[DATA BLOCK Boundary: Start]
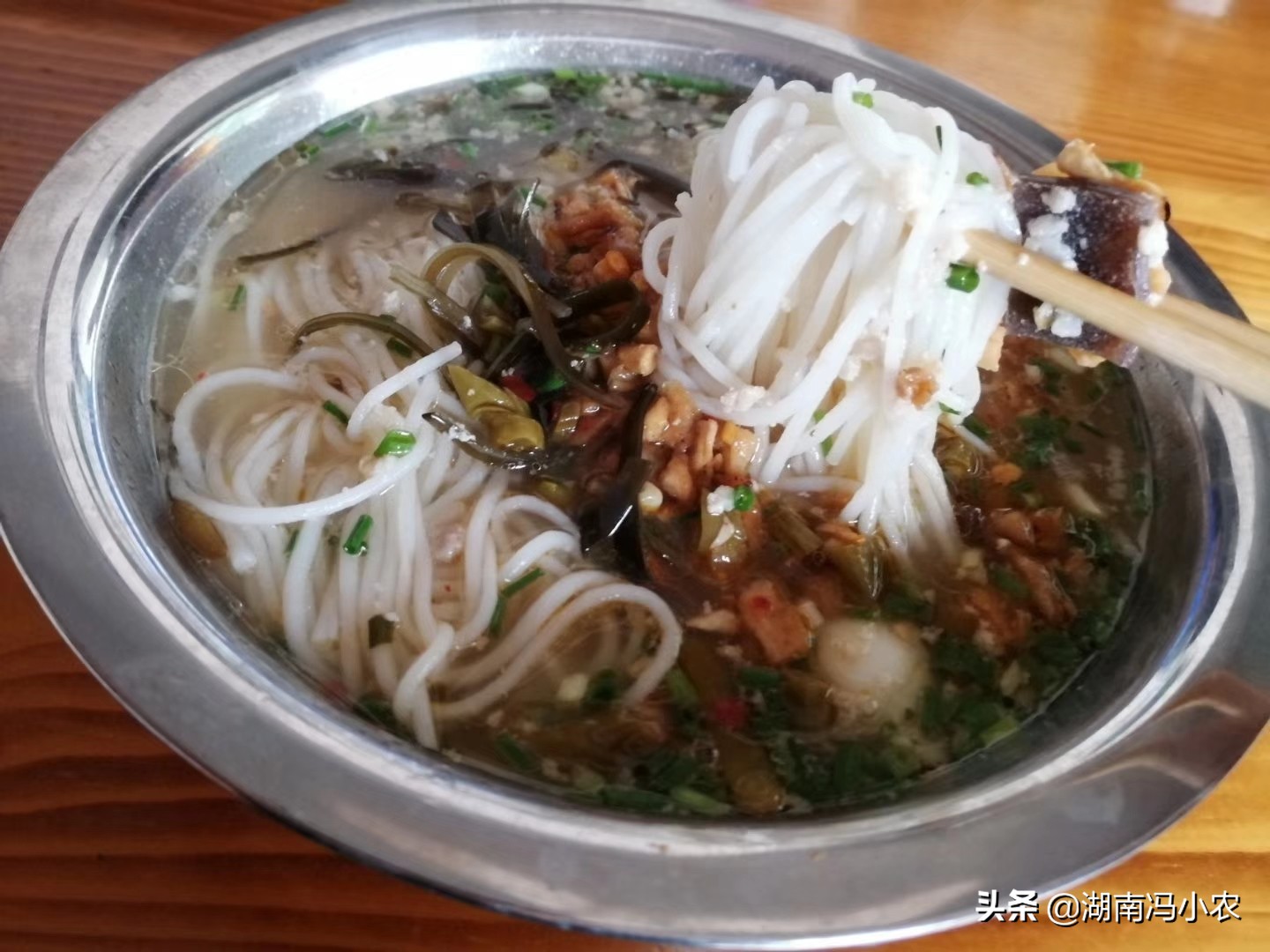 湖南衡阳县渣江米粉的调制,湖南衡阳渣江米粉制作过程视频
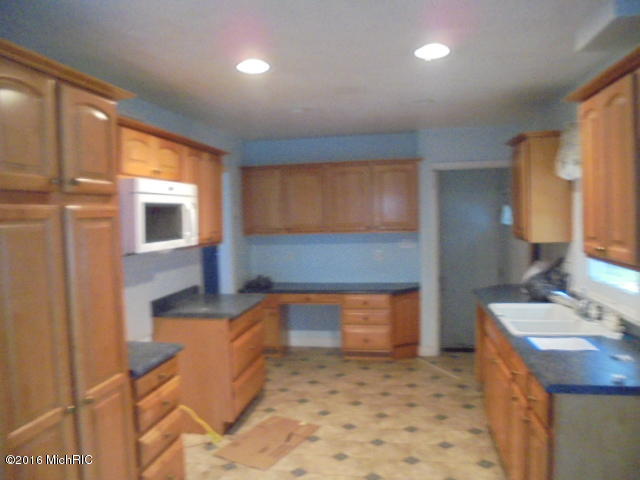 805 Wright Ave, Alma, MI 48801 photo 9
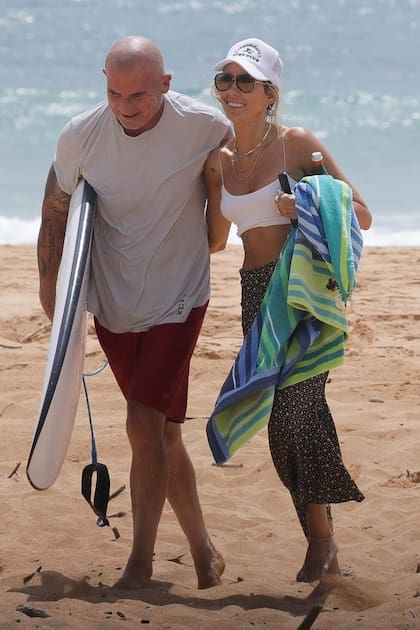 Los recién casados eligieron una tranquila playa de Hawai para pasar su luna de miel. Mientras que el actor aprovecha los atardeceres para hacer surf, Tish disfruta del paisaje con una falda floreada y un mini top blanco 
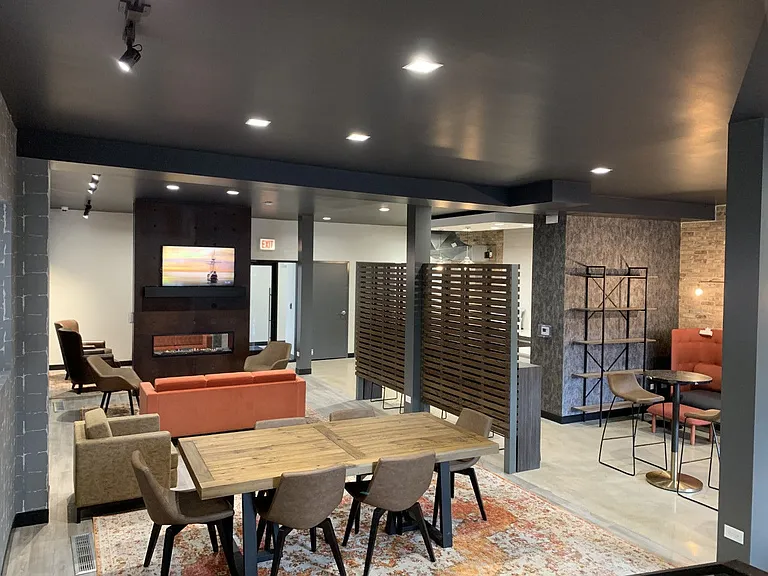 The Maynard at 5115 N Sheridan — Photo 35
[DATA BLOCK Boundary: End]
## EXERCISE GOAL
Where a picture appears, skip it and copy the rest of the data word for word.

## ANSWER BOX
 湖南衡阳县渣江米粉的调制,湖南衡阳渣江米粉制作过程视频
 805 Wright Ave, Alma, MI 48801 photo 9
 Los recién casados eligieron una tranquila playa de Hawai para pasar su luna de miel. Mientras que el actor aprovecha los atardeceres para hacer surf, Tish disfruta del paisaje con una falda floreada y un mini top blanco 
 The Maynard at 5115 N Sheridan — Photo 35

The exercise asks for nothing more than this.